Pictures aside, copy exactly each line from the one that holds "MYRU 1 Pair" through the last line of the records below.

DATA SHOWN Start Marker

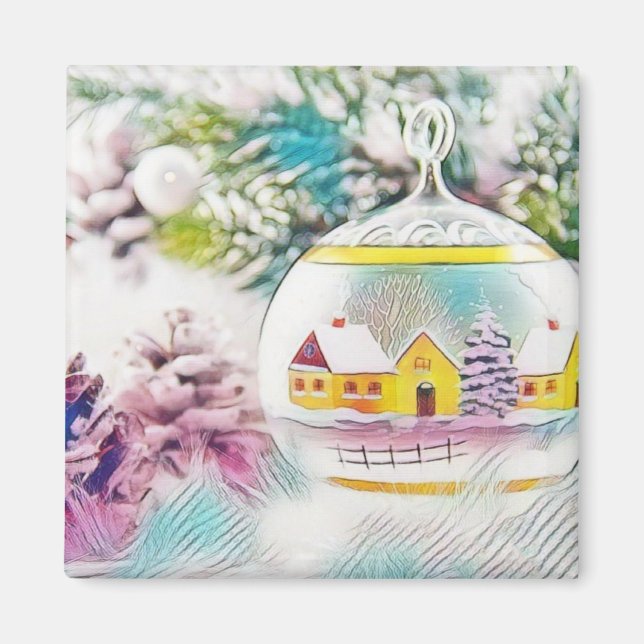 Vintage Teckning Julgran Rosa Dekoration Magnet (Framsidan)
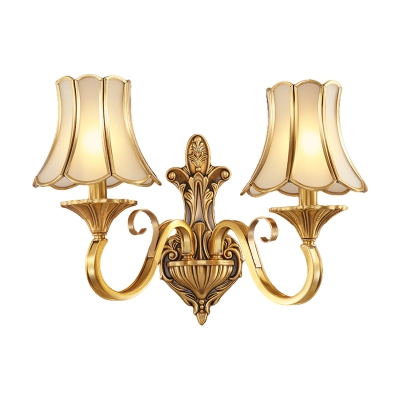 1/2 Bulbs Wall Light Sconce Colonial Style Scrolled Arm Metallic Wall Mount Lighting in Gold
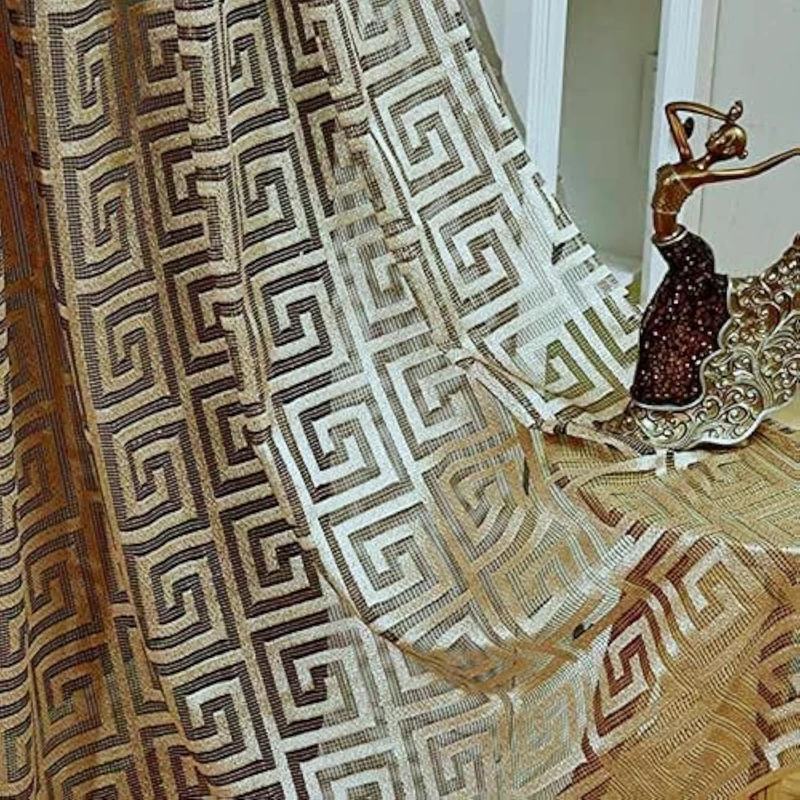 MYRU 1 Pair Black and Gold Sheer Curtains for Living Room Luxury Tulle Curtains (Gold,2 Panels 54 Inches by 96 Inches)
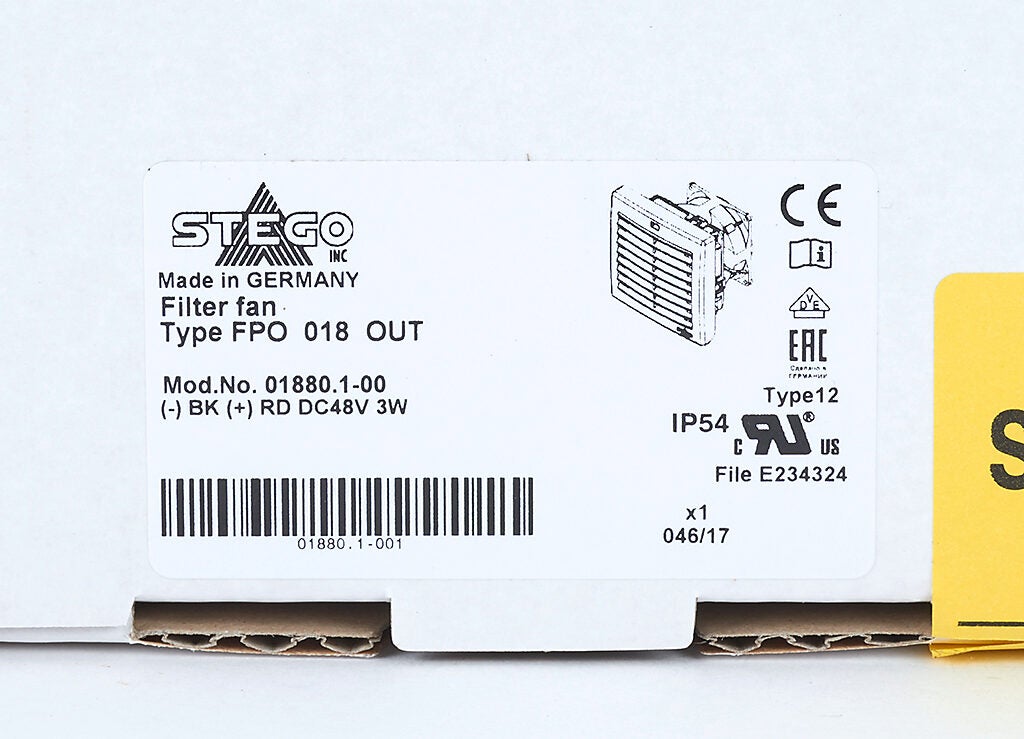 Enclosure Fan Assembly: exhaust, 19 CFM, 48 VDC operating voltage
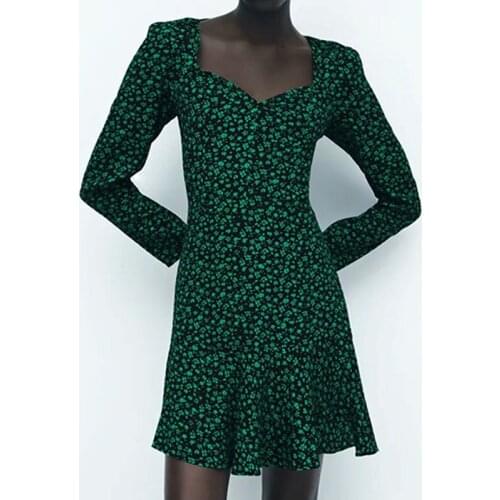 ZA New Summer French Broken Flower Holiday Women O-neck Vestidos Full Sleeve Sexy Hollow Out Fashion Strapless Chic Mini Dress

DATA SHOWN End Marker

[SOLVED EXERCISE]:
 MYRU 1 Pair Black and Gold Sheer Curtains for Living Room Luxury Tulle Curtains (Gold,2 Panels 54 Inches by 96 Inches)
 Enclosure Fan Assembly: exhaust, 19 CFM, 48 VDC operating voltage
 ZA New Summer French Broken Flower Holiday Women O-neck Vestidos Full Sleeve Sexy Hollow Out Fashion Strapless Chic Mini Dress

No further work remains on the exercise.